Helmut Ludwig, CEO of Siemens Industry USA, took time after attending the "America's New Manufacturing" conference, held April 23 at the offices of the Washington Post and sponsored by Siemens, to discuss what he felt the strongest takeaways from the conference were.

He noted that in the keynote, Eric Spiegel, CEO Siemens Corp., had challenged American companies. "America has a training gap," Ludwig quoted Spiegel. It isn't a skills gap, it is a training gap, and that is very important.  "Until we put the burden on those who train, rather than those who need to be trained, we'll never solve the problem," Spiegel said.

Ludwig added, "We have a quite intense dialog running right now about the future of manufacturing in America. Some people talk about a manufacturing renaissance. Others talk about advanced manufacturing. Some even talk about a fourth industrial revolution. German Chancellor Angela Merkel pronounced it Industry 4.0 because it is more of an evolution building on what has gone before."

He added, "In May we will talk about productivity, and in June we will meet with our most important end users at Automation Summit in New Orleans. This is a running dialog we believe we have to keep up, especially in this space, because there is still a bumpy road ahead before we can really see the manufacturing renaissance."

Ludwig noted the presence of both industry and government with speakers such as U.S. Senators Sherrod Brown (D-Ohio) and Amy Kobuchar (D-Minn.); Gov. Bill Haslam of Tennessee; Allan McArtor, chairman, Airbus Americas; Ron Bloom, former Obama manufacturing policy leader and now vice chairman, U.S. Investment
Banking at Lazard Frères; Bill Krueger, senior vice president, manufacturing, for Nissan; James Manyika of McKinsey Global Institute; and others. The list of speakers can be found at www.washingtonpost.com/postlve/conferences/manufacturing.

Four important themes ran through the entire conference. First was the connection of innovation and manufacturing.

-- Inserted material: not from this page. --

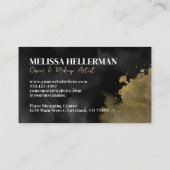 Trendy Zwarte Gouden Monogram Visitekaartje (Achterkant)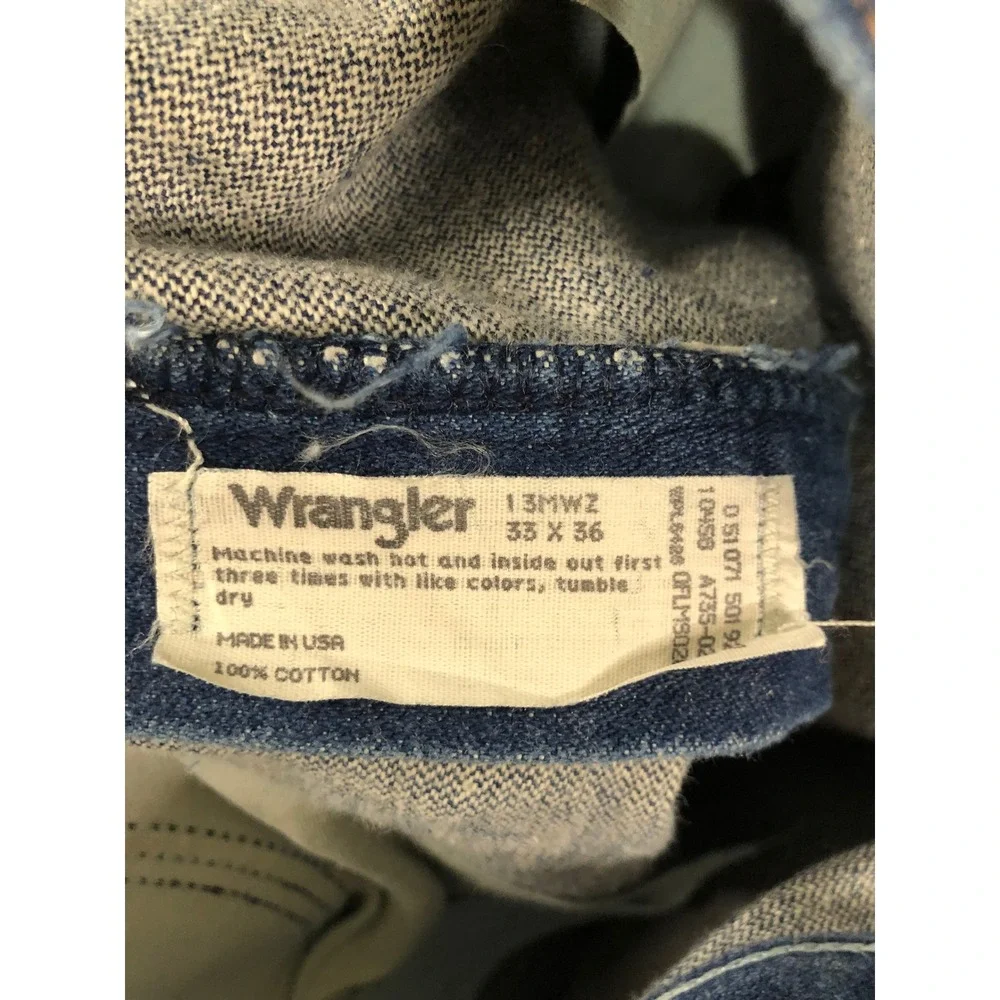 VTG Wrangler Jeans Men 31x36 (Tag 33x36) Blue Cowboy Cut Made in USA 13MWZ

Second was virtual innovation. Third was the human element. The fourth and last was the training gap.

"This is not our father's or our grandfather's manufacturing job," Ludwig proclaimed. "It is a highly skilled job that is an interaction between human functions and automation. There will always be a place for human interaction in manufacturing. The lights-out factory is dead.

"Our U.S. manufacturing plants, like the one in North Carolina that makes gas turbines, can only work because we have the workforce that has the skills and the training to make it work."

Ludwig added, "But, as Eric Spiegel said this morning, skills are the responsibility of companies like Siemens. We need to know what the needs of manufacturing today and tomorrow are, and then work with the schools and train the people to handle those highly sophisticated jobs. We have programs in North Carolina running education in mechatronics, and graduates come out of them to a starting salary of over $50,000. Compare that to liberal arts graduates at $43,000. And Siemens pays for the training program, and the graduate is completely free of debt. We need to foster the same types of apprenticeship programs here as in Germany.

"We are generating critical mass, finally. This is a great movement of the general public that is just taking off. We need to explain to the next generation how attractive manufacturing jobs are going to be."